Die Entscheidung der Landesregierung ist nach dem Niedersächsischen Ministergesetz (MinG) notwendig. Nach § 7a des Gesetzes ist bei Aufnahme einer Beschäftigung durch ehemalige MinisterInnen zu prüfen, ob hierdurch öffentliche Interessen beeinträchtigt werden können. Die Regelung zur Karenzzeit wurde am 17.12.2019 in das Ministergesetz aufgenommen. Sie sieht eine Anzeigepflicht mit Verbotsvorbehalt vor. Mitglieder und ehemalige Mitglieder der Landesregierung, die beabsichtigen, innerhalb der ersten 18 Monate nach dem Ende ihres Amtsverhältnisses eine Erwerbstätigkeit oder sonstige Beschäftigung außerhalb des öffentlichen Dienstes aufzunehmen, müssen dies der Landesregierung schriftlich anzeigen.

Zustimmung nach Landesrecht notwendig

Die Landesregierung kann die angezeigte Beschäftigung für die Zeit der ersten 18 Monate nach dem Ende des Amtsverhältnisses (Karenzzeit) ganz oder teilweise untersagen, soweit dadurch öffentliche Interessen beeinträchtigt werden.
© AOK-BV
Dr. Carola Reimann
Dies kann dann der Fall sein, wenn die geplante Beschäftigung das Vertrauen der Allgemeinheit in die Integrität der Landesregierung beeinträchtigen könnte oder eine Beschäftigung in Angelegenheiten oder Bereichen ausgeübt werden soll, in denen das Mitglied oder ehemalige Mitglied der Landesregierung während seiner Amtszeit tätig war.

Ministerin a.D. Dr. Carola Reimann, ist zum 01.03.2021 aus gesundheitlichen Gründen von ihrem Amt als Ministerin für Soziales, Gesundheit und Gleichstellung zurückgetreten. Laut Landesregierung sei sie inzwischen genesen und habe nun angezeigt, ab dem 01.10.2021 beim AOK-Bundesverband tätig werden zu wollen - zunächst in einem Angestelltenverhältnis und ab dem 01.01.2022 als Vorstandsvorsitzende.

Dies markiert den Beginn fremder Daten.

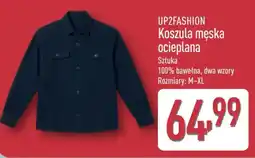 ALDI UP2FASHION Koszula męska ocieplana oferta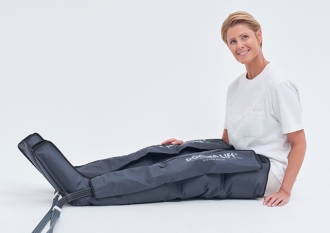 Аппарат для прессотерапии (лимфодренажа) Premium Medical LX9 (Lympha-sys9), манжеты на ноги (XXL), шорты для похудения и манжета на руку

Keine Beeinträchtigung öffentlicher Interessen

Die Landesregierung hat in ihrer Sitzung am 07.09.2021 festgestellt, dass keine Anhaltspunkte für eine Beeinträchtigung öffentlicher Interessen bestehen. Demzufolge liegen auch die Voraussetzungen für eine Karenzzeit vor Aufnahme der Beschäftigungen nicht vor. Die Entscheidung der Landesregierung wird noch im Niedersächsischen Ministerialblatt veröffentlicht.

Aufsichtsrat der AOK wählt Reimann in Vorstand

Am 20.07.2021 und damit bereits eine Woche vor der entsprechenden Aufsichtsratssitzung wurde bekannt, dass das AOK-Gremium die ehemalige Gesundheitsministerin zur Vorstandschefin wählen werde (vgl. "Links zum Thema"). Reimanns Amtszeit als Landesministerin war nicht frei von Problemen. Nach ihrer Ankündigung zur Auflösung der niedersächsischen Pflegekammer im September 2020 sprach die Opposition von einem "Desaster". Im Zusammenhang mit dem Management während der Corona-Pandemie wurden Forderungen nach ihrem Rücktritt laut (vgl. "Links zum Thema").

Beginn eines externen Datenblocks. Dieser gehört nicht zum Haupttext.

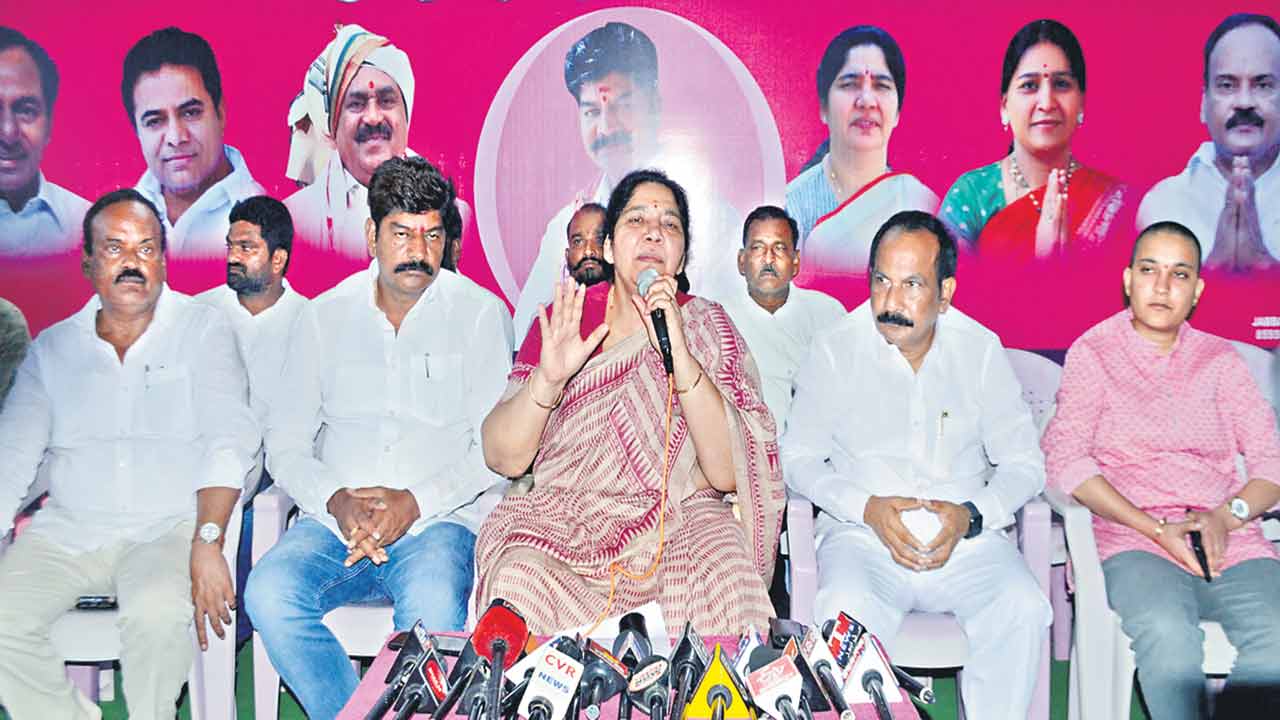 టీఆర్‌ఎస్‌ శక్తి ముందు బీజేపీ ఎంత?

Am 28.07.2021 wurde Reimann durch den Aufsichtsrat des AOK-Bundesverbandes zur Vorstandsvorsitzenden ab 2022 gewählt. Sie folgt auf Martin Litsch, der das Amt seit 2015 inne hat, und wird damit in der neuen Legislaturperiode die Interessen der AOK-Gemeinschaft mit rund 27 Millionen Versicherten vertreten.